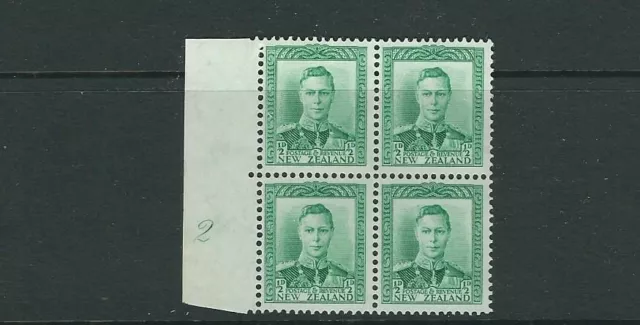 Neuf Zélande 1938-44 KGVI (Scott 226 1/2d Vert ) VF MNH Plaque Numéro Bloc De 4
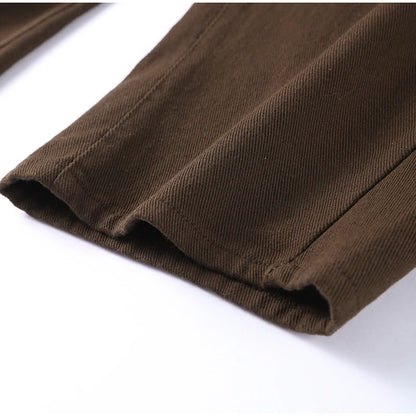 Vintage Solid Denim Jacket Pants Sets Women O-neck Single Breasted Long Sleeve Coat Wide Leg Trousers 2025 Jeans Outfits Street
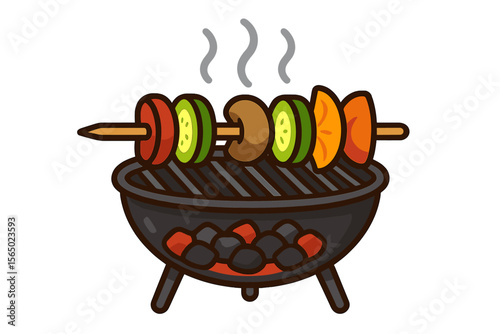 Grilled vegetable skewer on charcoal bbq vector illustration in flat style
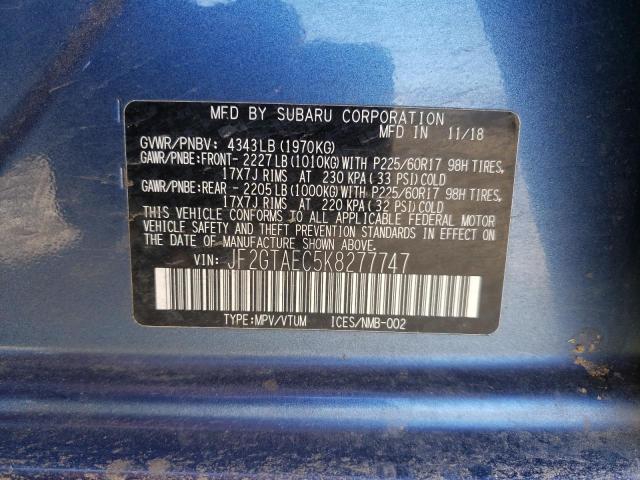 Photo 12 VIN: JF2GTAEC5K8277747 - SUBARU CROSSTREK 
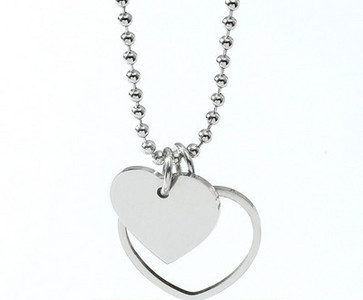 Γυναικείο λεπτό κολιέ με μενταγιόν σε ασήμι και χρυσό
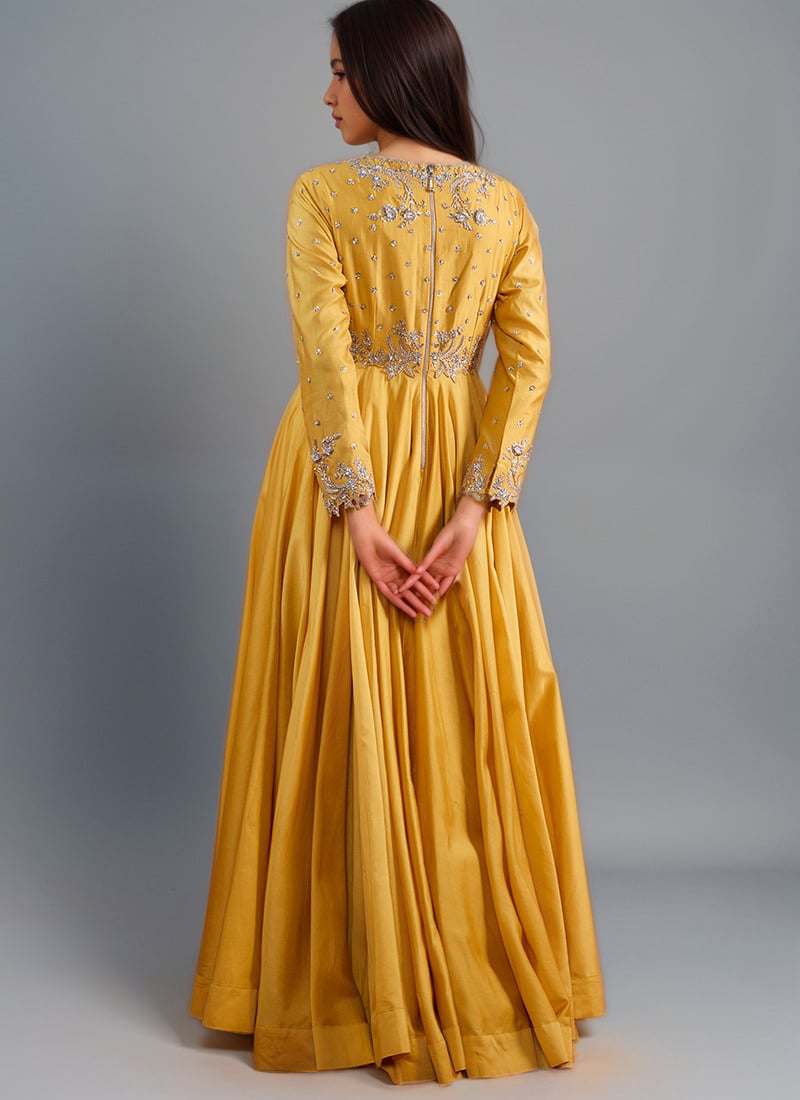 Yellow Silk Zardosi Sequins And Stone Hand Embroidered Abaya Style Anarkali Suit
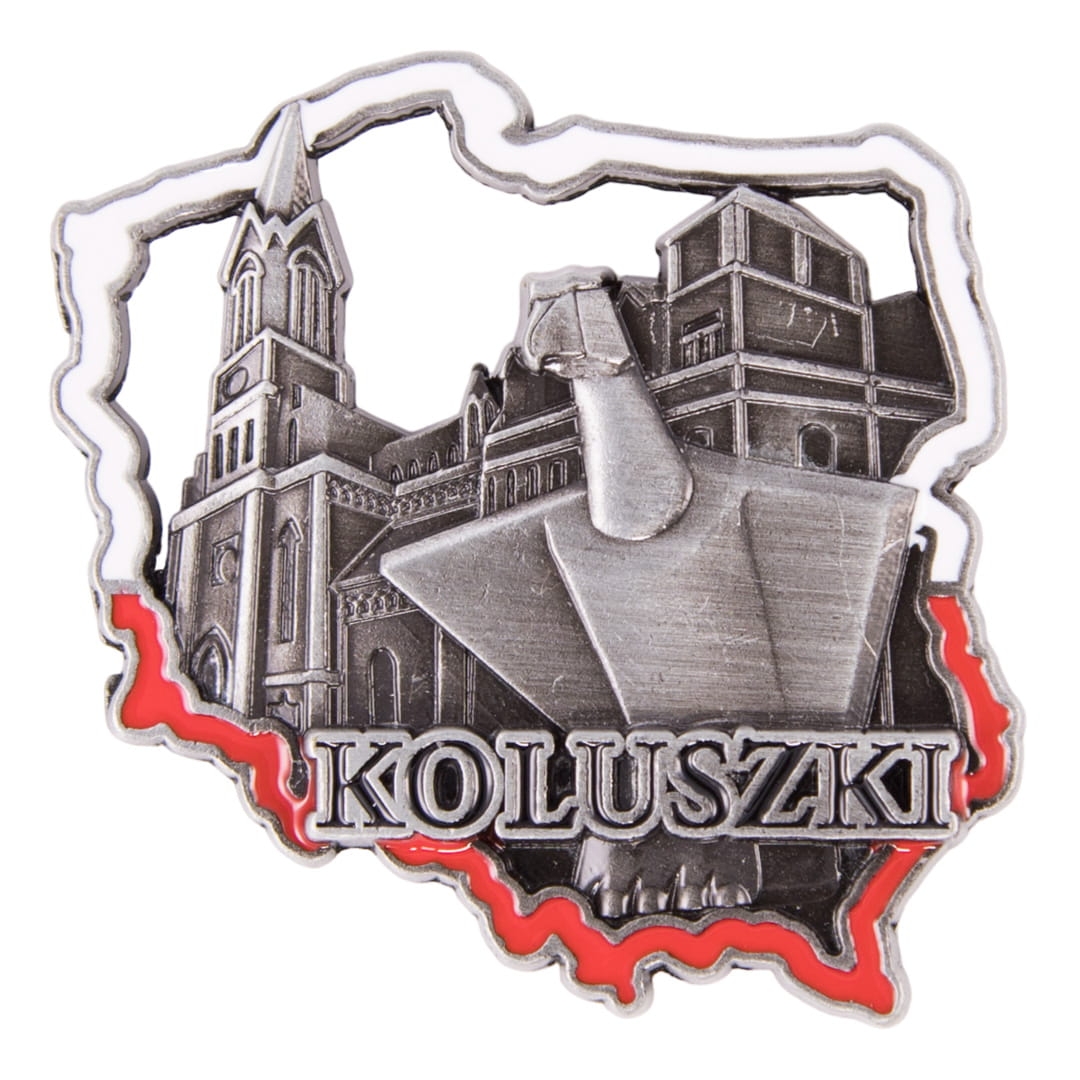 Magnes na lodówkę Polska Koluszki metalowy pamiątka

...

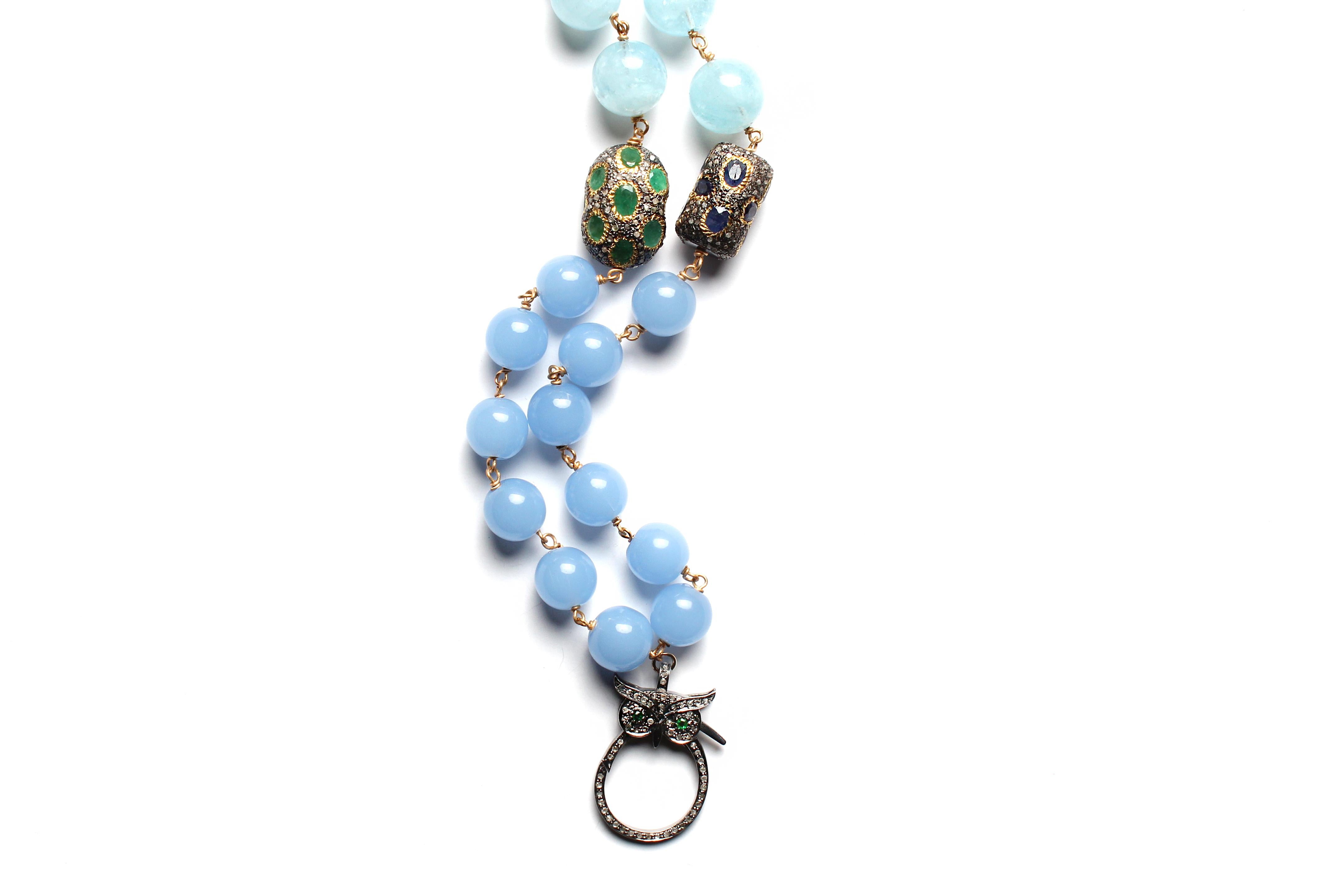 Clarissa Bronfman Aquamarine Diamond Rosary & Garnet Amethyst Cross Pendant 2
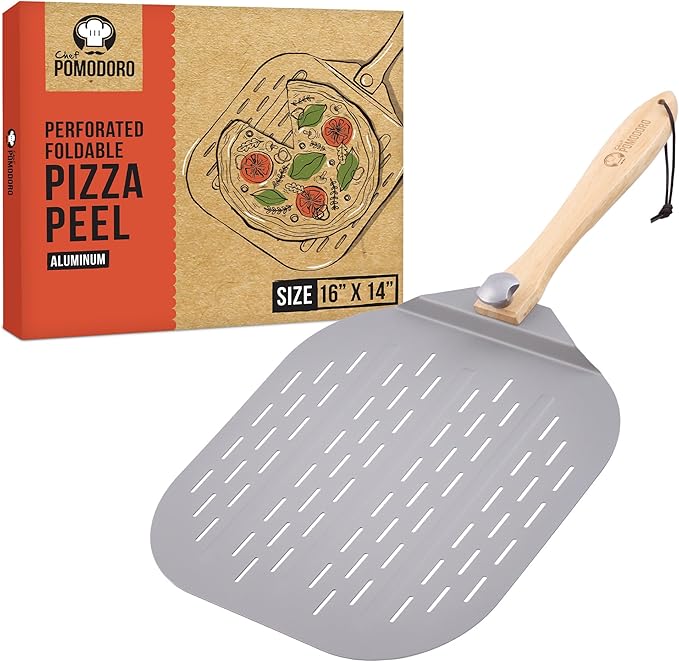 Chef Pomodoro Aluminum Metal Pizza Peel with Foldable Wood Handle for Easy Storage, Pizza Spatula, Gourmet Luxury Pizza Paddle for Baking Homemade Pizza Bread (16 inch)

...

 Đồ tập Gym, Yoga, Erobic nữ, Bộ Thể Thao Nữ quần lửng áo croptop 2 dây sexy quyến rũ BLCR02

WHAT YOU WILL DO> Work from the entries above. Set down exactly and only the lines from the line with "Vintage Solid Denim" to the line with "Magnes na lodówkę", both included, and leave the pictures out.

ANSWER TO THE PROBLEM>
 Vintage Solid Denim Jacket Pants Sets Women O-neck Single Breasted Long Sleeve Coat Wide Leg Trousers 2025 Jeans Outfits Street
 Grilled vegetable skewer on charcoal bbq vector illustration in flat style
 Photo 12 VIN: JF2GTAEC5K8277747 - SUBARU CROSSTREK 
 Γυναικείο λεπτό κολιέ με μενταγιόν σε ασήμι και χρυσό
 Yellow Silk Zardosi Sequins And Stone Hand Embroidered Abaya Style Anarkali Suit
 Magnes na lodówkę Polska Koluszki metalowy pamiątka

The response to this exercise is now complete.